- [DATA SUPPLIED]:
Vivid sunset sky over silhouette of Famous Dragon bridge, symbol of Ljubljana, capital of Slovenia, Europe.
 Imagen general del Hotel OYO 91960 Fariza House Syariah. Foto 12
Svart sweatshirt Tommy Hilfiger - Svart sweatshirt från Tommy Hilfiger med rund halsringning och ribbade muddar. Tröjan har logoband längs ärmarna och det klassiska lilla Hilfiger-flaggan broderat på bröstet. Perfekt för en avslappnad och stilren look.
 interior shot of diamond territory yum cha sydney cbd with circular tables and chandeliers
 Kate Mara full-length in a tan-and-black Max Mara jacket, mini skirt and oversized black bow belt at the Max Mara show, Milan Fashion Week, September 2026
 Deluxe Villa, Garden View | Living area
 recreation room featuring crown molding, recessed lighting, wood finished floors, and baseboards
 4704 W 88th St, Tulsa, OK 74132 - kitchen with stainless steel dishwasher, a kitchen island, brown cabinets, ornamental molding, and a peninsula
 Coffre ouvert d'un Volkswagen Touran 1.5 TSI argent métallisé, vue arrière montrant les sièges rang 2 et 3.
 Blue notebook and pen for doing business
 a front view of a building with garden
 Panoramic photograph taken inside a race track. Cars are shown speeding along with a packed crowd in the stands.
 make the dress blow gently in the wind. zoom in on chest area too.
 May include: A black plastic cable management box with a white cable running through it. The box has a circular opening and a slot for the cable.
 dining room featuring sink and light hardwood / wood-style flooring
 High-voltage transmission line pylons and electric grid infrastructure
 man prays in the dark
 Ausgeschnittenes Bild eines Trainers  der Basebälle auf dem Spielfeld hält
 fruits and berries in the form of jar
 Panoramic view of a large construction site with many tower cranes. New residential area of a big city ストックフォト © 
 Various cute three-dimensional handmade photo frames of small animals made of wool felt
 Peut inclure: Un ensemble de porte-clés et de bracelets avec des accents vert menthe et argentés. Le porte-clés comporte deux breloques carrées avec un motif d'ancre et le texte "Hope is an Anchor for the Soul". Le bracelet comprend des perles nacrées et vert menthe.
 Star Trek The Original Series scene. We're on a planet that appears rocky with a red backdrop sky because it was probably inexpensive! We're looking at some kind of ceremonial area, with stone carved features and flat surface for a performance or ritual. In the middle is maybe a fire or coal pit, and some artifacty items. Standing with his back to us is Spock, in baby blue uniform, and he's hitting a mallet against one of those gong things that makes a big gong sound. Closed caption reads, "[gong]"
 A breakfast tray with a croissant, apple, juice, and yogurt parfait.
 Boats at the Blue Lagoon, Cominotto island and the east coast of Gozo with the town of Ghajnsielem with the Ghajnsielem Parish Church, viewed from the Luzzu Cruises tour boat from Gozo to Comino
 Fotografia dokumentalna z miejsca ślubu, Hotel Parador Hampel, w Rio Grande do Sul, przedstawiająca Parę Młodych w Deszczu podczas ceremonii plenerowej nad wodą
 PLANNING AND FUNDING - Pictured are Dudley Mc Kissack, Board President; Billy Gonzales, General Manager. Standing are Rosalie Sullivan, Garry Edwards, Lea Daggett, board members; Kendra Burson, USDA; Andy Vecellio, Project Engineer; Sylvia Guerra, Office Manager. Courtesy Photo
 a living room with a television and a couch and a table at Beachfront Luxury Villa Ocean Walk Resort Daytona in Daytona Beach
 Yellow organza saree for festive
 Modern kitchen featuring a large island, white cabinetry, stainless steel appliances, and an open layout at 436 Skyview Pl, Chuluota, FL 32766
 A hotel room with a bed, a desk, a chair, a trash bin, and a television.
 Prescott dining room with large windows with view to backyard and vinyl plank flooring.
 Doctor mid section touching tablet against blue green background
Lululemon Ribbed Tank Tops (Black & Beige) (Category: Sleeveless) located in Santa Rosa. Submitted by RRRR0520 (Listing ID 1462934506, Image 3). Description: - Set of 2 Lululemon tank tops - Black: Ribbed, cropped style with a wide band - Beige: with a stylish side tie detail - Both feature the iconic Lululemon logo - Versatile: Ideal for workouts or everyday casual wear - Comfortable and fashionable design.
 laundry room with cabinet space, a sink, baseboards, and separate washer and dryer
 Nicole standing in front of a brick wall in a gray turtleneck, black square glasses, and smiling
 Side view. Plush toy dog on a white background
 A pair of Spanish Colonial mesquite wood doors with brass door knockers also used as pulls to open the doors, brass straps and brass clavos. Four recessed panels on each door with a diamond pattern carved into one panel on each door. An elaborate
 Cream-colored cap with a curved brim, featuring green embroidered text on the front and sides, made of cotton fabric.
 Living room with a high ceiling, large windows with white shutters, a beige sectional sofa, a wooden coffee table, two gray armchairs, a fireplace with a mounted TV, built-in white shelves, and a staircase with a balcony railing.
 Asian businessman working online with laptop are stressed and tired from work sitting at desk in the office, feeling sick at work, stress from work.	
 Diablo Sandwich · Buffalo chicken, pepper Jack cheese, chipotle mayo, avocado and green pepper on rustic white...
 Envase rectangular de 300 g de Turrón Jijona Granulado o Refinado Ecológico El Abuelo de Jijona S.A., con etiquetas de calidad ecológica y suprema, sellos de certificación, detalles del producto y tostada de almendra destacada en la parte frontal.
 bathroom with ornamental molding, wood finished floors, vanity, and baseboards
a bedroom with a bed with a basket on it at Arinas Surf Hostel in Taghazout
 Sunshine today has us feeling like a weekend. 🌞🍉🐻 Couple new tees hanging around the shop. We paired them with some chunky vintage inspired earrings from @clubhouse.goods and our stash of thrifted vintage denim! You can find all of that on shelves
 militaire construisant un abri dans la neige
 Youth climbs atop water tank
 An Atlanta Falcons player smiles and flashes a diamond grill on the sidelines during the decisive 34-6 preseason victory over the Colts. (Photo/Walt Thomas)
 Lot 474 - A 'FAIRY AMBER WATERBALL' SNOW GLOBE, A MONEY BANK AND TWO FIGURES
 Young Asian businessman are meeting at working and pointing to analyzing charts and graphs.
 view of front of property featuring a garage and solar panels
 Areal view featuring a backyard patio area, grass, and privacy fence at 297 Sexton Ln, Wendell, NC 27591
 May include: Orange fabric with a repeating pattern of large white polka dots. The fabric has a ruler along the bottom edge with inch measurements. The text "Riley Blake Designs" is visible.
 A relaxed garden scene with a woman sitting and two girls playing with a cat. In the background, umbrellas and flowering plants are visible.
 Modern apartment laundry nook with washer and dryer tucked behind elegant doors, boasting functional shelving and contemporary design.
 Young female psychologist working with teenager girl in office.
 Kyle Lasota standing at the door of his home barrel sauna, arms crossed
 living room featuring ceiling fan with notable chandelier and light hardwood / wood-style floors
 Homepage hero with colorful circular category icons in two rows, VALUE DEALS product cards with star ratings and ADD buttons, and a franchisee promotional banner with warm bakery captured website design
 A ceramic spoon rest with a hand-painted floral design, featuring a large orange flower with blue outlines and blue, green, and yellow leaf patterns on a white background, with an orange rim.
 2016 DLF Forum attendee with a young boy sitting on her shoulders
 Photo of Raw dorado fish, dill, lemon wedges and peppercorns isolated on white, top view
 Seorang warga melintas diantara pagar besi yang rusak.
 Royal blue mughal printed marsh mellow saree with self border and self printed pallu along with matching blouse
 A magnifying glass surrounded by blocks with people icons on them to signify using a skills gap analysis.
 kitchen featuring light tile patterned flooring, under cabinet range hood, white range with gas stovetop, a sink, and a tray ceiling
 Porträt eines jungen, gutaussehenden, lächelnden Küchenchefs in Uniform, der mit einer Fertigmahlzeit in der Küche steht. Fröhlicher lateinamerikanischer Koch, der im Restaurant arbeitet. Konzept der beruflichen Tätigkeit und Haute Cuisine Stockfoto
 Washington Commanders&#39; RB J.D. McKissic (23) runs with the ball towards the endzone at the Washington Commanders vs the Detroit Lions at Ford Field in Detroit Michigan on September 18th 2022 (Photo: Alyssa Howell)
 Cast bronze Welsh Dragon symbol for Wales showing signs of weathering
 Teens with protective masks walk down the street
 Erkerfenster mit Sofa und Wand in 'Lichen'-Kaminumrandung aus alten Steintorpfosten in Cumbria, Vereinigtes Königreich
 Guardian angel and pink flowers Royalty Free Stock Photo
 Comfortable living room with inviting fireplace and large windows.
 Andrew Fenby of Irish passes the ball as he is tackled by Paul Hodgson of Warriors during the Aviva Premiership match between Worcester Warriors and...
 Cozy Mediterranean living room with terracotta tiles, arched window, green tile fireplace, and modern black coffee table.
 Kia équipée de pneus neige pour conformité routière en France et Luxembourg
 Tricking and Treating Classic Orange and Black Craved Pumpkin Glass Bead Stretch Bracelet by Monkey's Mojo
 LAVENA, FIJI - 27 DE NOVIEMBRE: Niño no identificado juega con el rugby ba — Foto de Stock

- [EXERCISE GOAL]: Set down, from the entries above, exactly the lines from the one with "Yellow organza saree for festive" up to and including the one with "laundry room with", and no other lines.

- [RESPONSE TO THE EXERCISE]:
 Yellow organza saree for festive
 Modern kitchen featuring a large island, white cabinetry, stainless steel appliances, and an open layout at 436 Skyview Pl, Chuluota, FL 32766
 A hotel room with a bed, a desk, a chair, a trash bin, and a television.
 Prescott dining room with large windows with view to backyard and vinyl plank flooring.
 Doctor mid section touching tablet against blue green background
Lululemon Ribbed Tank Tops (Black & Beige) (Category: Sleeveless) located in Santa Rosa. Submitted by RRRR0520 (Listing ID 1462934506, Image 3). Description: - Set of 2 Lululemon tank tops - Black: Ribbed, cropped style with a wide band - Beige: with a stylish side tie detail - Both feature the iconic Lululemon logo - Versatile: Ideal for workouts or everyday casual wear - Comfortable and fashionable design.
 laundry room with cabinet space, a sink, baseboards, and separate washer and dryer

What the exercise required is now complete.